An exciting opportunity to expand access to locally-grown food is on the table, that is, through Aquidneck Community Table (ACT), a known leader in the local food marketplace. A generous challenge grant from an anonymous donor stipulates that every gift made before August 15, 2020, will be matched, dollar for dollar, up to $25,000.
ACT is inviting the help and support of community members to join in as market-goers, gardeners, volunteers, and now as donors. By giving before the deadline, the community will receive double the benefits, particularly as economic hardships created by Covid-19 are predicted to deepen into autumn.
As the RI Food Policy Council recently reported, “According to Feeding America…food insecurity in Rhode Island is projected to increase by 45% in 2020. This means that more than 175,000 Rhode Islanders, including 27% of children in the state, will lack access to enough food.”
ACT hasn’t wavered from its core mission to build a healthy and sustainable food system to serve every Aquidneck islander despite unexpected obstacles and costs. In fact, four new partnerships and programs were recently cultivated to expand access to locally-grown produce for islanders and visitors.
When schools were closed this spring, ACT quickly created remote-learning, garden lessons for 120 students, and provided home garden kits to first and second graders at the Claiborne Pell School in Newport, RI. “It’s so wonderful to see the students who struggle in the classroom come to life when working hands-on. I truly feel it levels the playing field for students who may not feel successful with ‘book learning’. It’s so important for students to know that there are many different ways they can contribute to their community,” shared Kathleen Breede, Pell School Community Garden Program.
Food that is now being distributed through the Summer Meals Program at Pell Elementary School is the yield of a spring partnership between ACT, the Housing Authority of Newport, and Newport Public Schools organizations. Together they repurposed garden spaces that could not be opened to the public due to new regulations emerging from the pandemic.

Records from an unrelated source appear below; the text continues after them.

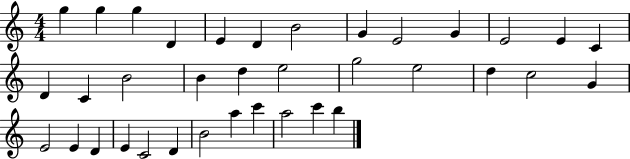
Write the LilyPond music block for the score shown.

{
  \clef treble
  \numericTimeSignature
  \time 4/4
  \key c \major
  g''4 g''4 g''4 d'4 | e'4 d'4 b'2 | g'4 e'2 g'4 | e'2 e'4 c'4 | \break d'4 c'4 b'2 | b'4 d''4 e''2 | g''2 e''2 | d''4 c''2 g'4 | \break e'2 e'4 d'4 | e'4 c'2 d'4 | b'2 a''4 c'''4 | a''2 c'''4 b''4 | \break \bar "|."
}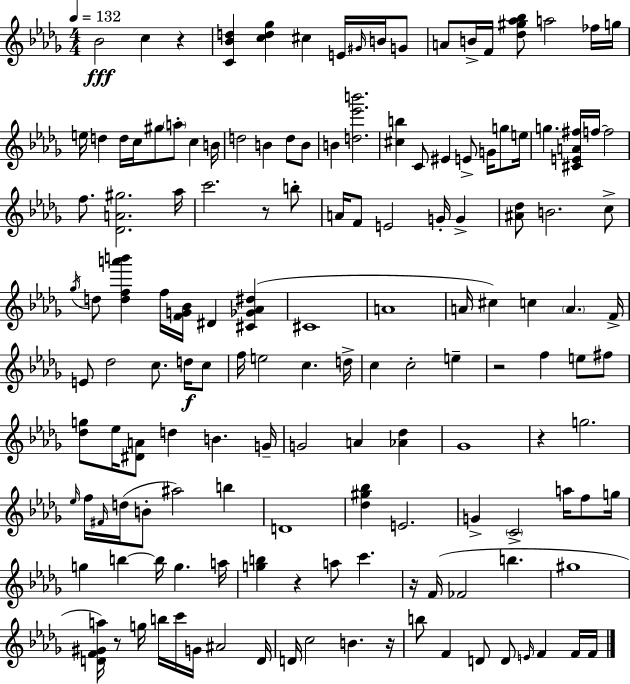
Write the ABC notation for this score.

X:1
T:Untitled
M:4/4
L:1/4
K:Bbm
_B2 c z [C_Bd] [cd_g] ^c E/4 ^G/4 B/4 G/2 A/2 B/4 F/4 [_d^g_a_b]/2 a2 _f/4 g/4 e/4 d d/4 c/4 ^g/2 a/2 c B/4 d2 B d/2 B/2 B [d_e'b']2 [^cb] C/2 ^E E/2 G/4 g/2 e/4 g [^CEA^f]/4 f/4 f2 f/2 [_DA^g]2 _a/4 c'2 z/2 b/2 A/4 F/2 E2 G/4 G [^A_d]/2 B2 c/2 _g/4 d/2 [dfa'b'] f/4 [FG_B]/4 ^D [^C_G_A^d] ^C4 A4 A/4 ^c c A F/4 E/2 _d2 c/2 d/4 c/2 f/4 e2 c d/4 c c2 e z2 f e/2 ^f/2 [_dg]/2 _e/4 [^DA]/2 d B G/4 G2 A [_A_d] _G4 z g2 _e/4 f/4 ^F/4 d/4 B/2 ^a2 b D4 [_d^g_b] E2 G C2 a/4 f/2 g/4 g b b/4 g a/4 [gb] z a/2 c' z/4 F/4 _F2 b ^g4 [DF^Ga]/4 z/2 g/4 b/4 c'/4 G/4 ^A2 D/4 D/4 c2 B z/4 b/2 F D/2 D/2 E/4 F F/4 F/4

ACT continues to operate safe, accessible marketplaces for more than 30 farmers and food businesses keeping close to $2 million food dollars in the regional economy annually. Many ACT growers and makers are also now offering delivery services.

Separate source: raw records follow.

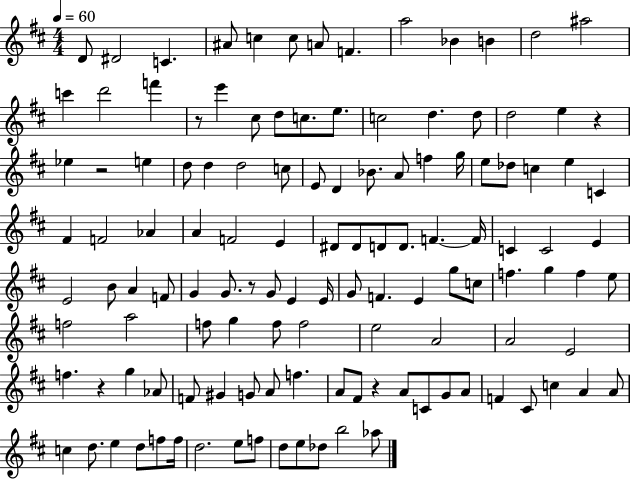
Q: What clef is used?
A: treble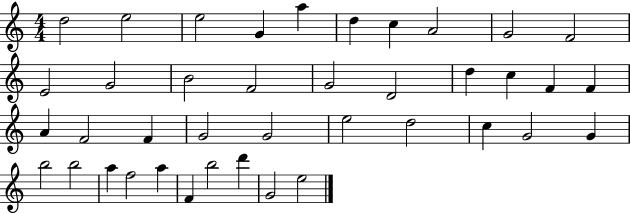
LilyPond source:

{
  \clef treble
  \numericTimeSignature
  \time 4/4
  \key c \major
  d''2 e''2 | e''2 g'4 a''4 | d''4 c''4 a'2 | g'2 f'2 | \break e'2 g'2 | b'2 f'2 | g'2 d'2 | d''4 c''4 f'4 f'4 | \break a'4 f'2 f'4 | g'2 g'2 | e''2 d''2 | c''4 g'2 g'4 | \break b''2 b''2 | a''4 f''2 a''4 | f'4 b''2 d'''4 | g'2 e''2 | \break \bar "|."
}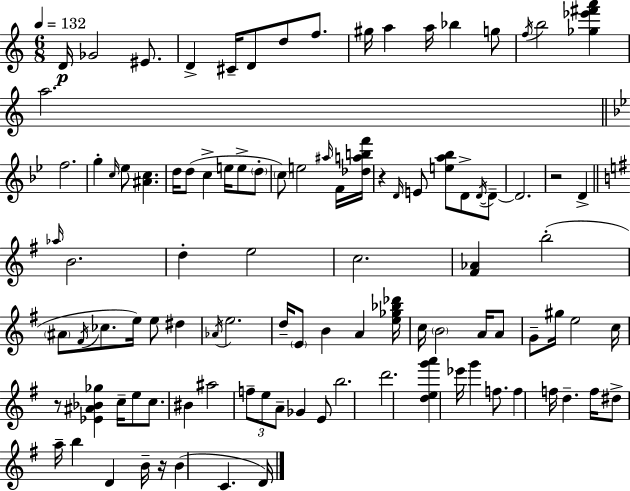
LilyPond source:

In early July, Newport Health Equity Zone and Conexión Latina Newport partnered with ACT to offer food certificates that are redeemable at the farmers’ markets. This exchange helps at-risk households and supports the local food economy.
ACT is an integral part of the movement exploring how people can build more resilient food systems locally and nationally in light of environmental and health challenges. “The only way to survive the future is to source our own food and to make it healthy. It is imperative to connect various parts of the food system and get people thinking about where their food comes from,” urges Bevan Linsley, Executive Director, ACT.
A critical part of ACT’s mission is education and teaching the next generation how to build a sustainable, resilient, and equitable food system that serves all on Aquidneck Island. ACT is working on highlighting their programs via social media to include featured farmers, virtual garden visits, community gardener and composter profiles, as well as supplying tips for growing and preparing healthy food.
Donations to the Challenge Grant before August 15 ensure that ACT can continue to connect consumers from all socio-economic levels with fresh local produce, fish, meats, flowers, dairy products, and more.